Drogas da corrupção

Por Fernando Molica

Por Fernando Molica

Drogas e corrupção andam juntas

São respeitáveis os argumentos dos que condenam a descriminalização de drogas como maconha e cocaína. É correta a preocupação com eventuais consequências da liberação de substâncias hoje ilegais. A boa intenção, porém, acaba virando cúmplice da corrupção em larga escala de agentes do Estado e de uma matança interminável.

Num mecanismo semelhante ao que ocorre com o caso do aborto, a proibição de algumas drogas não é suficiente para impedir sua comercialização e seu consumo: quem quer se drogar se droga. Todos podem deseja um mundo em que ninguém busque paraísos artificiais, o problema é que isso não existe. Praticamente todas as civilizações utilizaram ou criaram substâncias capazes de gerar prazer, euforia e/ou alguma forma de escape, de fuga temporária da realidade.

Cabe ao legislador proibir atividades que afetam a vida coletiva — roubo, homicídio,  corrupção, estupro —, mas é discutível o direito do Estado de intervir na vida privada do cidadão que lhe sustenta. 

Álcool e tabaco, que matam muito mais gente que drogas ilegais, nunca foram proibidos entre nós. Nenhuma pessoa maior de 18 anos é impedida de beber, desde que, depois, não prejudique terceiros. Não pode dirigir, operar máquinas. Vale também pro cigarro: quer fumar, ok, mas lá fora, não em ambientes fechados.

Só este mês, o Exército constatou o desvio de armas pesadas de seu arsenal e o Rio foi palco de três grandes casos de envolvimento de policiais com o tráfico. Um sargento PM  foi preso pela Polícia Civil transportando 151 quilos de cocaína. A Polícia Federal desbaratou dois grupos da Polícia Civil: um é acusado de exigir propina para liberar 16 tolenadas(!) de maconha; o outro é suspeito de desviar 280 quilos de cocaína.
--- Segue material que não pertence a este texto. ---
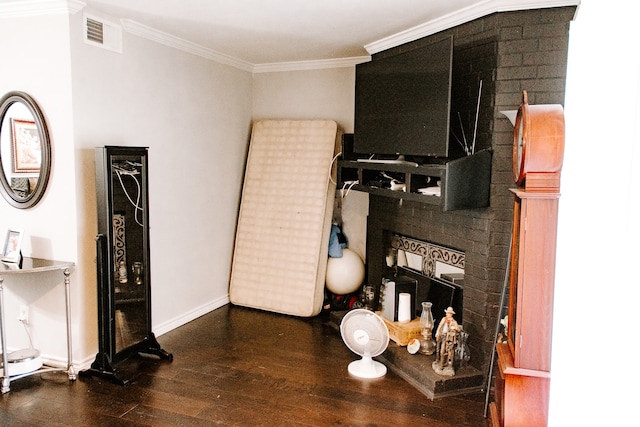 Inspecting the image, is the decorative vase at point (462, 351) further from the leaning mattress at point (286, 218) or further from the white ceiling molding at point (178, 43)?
the white ceiling molding at point (178, 43)

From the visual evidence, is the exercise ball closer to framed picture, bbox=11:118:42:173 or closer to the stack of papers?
the stack of papers


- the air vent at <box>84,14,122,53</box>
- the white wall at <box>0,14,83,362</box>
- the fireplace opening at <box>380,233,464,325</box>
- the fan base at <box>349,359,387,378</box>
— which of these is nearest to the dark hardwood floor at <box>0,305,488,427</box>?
the fan base at <box>349,359,387,378</box>

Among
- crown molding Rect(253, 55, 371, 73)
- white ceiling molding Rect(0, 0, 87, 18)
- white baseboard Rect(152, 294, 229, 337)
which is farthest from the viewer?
crown molding Rect(253, 55, 371, 73)

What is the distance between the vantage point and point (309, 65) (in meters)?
5.05

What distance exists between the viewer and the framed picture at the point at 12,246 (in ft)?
10.6

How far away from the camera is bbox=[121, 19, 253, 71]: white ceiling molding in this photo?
3709 mm

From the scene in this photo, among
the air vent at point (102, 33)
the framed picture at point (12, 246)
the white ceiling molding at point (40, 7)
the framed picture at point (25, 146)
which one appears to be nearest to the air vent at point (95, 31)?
the air vent at point (102, 33)

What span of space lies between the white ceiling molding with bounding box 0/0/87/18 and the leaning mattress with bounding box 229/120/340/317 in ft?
7.04

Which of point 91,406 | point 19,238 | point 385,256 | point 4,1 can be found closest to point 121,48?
point 4,1

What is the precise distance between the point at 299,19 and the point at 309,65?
1495mm

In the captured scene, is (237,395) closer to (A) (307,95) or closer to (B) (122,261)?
(B) (122,261)

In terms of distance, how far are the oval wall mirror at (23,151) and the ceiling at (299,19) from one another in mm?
754

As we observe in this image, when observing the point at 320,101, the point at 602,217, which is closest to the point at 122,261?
the point at 320,101

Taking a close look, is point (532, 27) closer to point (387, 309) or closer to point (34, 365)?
point (387, 309) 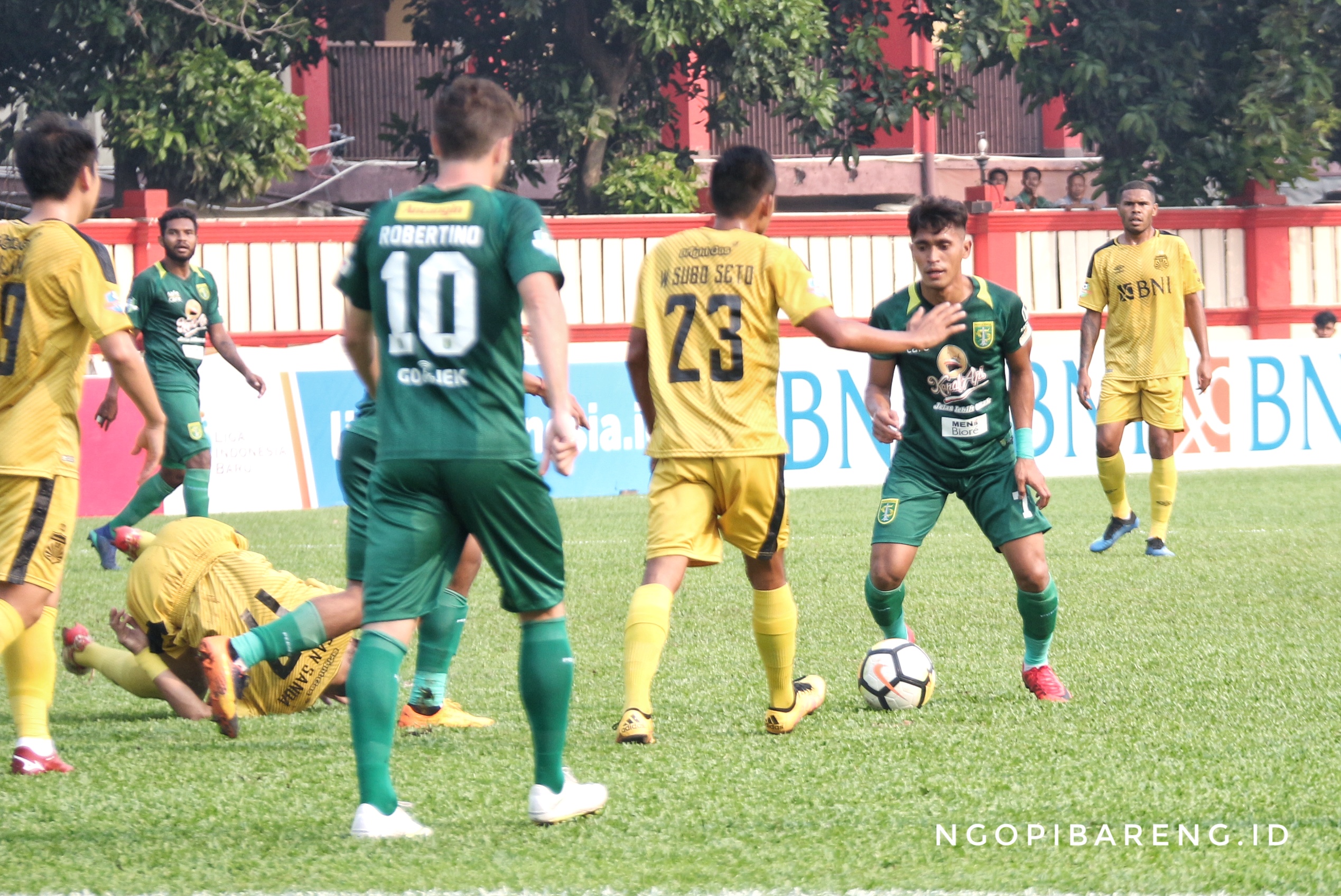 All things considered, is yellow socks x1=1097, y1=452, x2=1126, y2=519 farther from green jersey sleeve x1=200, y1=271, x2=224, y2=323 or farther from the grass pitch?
green jersey sleeve x1=200, y1=271, x2=224, y2=323

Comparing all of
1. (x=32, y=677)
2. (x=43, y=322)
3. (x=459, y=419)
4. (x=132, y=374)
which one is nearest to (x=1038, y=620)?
(x=459, y=419)

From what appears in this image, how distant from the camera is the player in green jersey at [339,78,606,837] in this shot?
13.0ft

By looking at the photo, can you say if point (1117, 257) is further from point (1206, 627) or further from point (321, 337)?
point (321, 337)

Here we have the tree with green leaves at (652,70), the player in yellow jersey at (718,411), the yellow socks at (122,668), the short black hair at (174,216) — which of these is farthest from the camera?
the tree with green leaves at (652,70)

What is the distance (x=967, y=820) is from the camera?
415 cm

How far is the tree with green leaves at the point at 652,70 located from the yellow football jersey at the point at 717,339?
46.2 feet

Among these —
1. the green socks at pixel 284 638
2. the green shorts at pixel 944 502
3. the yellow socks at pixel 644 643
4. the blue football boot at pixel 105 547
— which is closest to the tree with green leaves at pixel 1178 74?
the blue football boot at pixel 105 547

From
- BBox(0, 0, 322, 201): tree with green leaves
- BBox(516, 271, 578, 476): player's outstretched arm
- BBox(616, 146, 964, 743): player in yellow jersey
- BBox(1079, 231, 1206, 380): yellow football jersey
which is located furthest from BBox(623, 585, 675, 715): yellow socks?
BBox(0, 0, 322, 201): tree with green leaves

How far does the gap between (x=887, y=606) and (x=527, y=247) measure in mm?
2660

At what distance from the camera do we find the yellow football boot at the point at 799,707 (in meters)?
5.36

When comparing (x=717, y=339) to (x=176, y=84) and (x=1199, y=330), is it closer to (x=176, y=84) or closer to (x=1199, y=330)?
(x=1199, y=330)

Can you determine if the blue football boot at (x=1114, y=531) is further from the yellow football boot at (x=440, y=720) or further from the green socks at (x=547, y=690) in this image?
the green socks at (x=547, y=690)

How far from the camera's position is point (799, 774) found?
15.5ft

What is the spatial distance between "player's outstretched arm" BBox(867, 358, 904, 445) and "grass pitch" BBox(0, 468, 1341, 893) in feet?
3.12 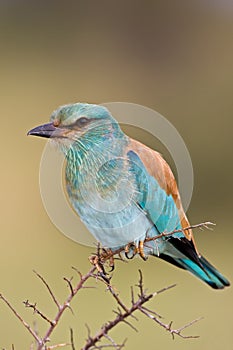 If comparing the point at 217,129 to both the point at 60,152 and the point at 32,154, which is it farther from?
the point at 60,152

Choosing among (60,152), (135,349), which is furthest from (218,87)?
(60,152)

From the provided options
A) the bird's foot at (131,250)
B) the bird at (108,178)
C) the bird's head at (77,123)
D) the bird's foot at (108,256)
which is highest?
the bird's head at (77,123)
As ações permitem algumas constatações: 1. as prisões foram feitas por agentes de corporações policiais diferentes daquelas de seus alvos (Polícia Civil prendeu PM; PF investiga Civil); 2. o volume de drogas envolvido demonstra, mais uma vez, que o tráfico não chegaria ao atual patamar sem uma azeitada máquina de corrupção que envolve agentes do Estado — não apenas policiais.

Seria irresponsável e injusto atribuir às instituições policiais o rótulo de cúmplices do crime; mas não dá pra tratar tantos casos como fatos isolados. A maioria que defende uma política de intolerância total ao uso drogas age de forma bem-intencionada. Mas, na prática, colabora para a manutenção e crescimento da indústria do crime alimentada pela proibição (os mafiosos lucraram muito com a Lei Seca americana, a proibição de bebidas alcoólicas entre 1920 e 1933). 

A legislação também é cruel com jovens negros e pobres presos  com pequena quantidade de drogas — na maior parte das vezes, desarmados — e que acabam marcados como traficantes. A cor da pele e a condição social são decisivas para que quem alguém flagrado com drogas seja classificado de consumidor ou de criminoso.

Não seria simples descriminalizar drogas, mas o Brasil não pode continuar ignorar experiências internacionais (Portugal, Canadá, Estados Unidos, Uruguai) que apontam para caminhos possíveis. A menos, evidentemente, que setores do mesmo Estado que defendem a situação atual se beneficiem da indústria da droga ilegal. Como em outros casos, vale repetir: a quem interessa o crime?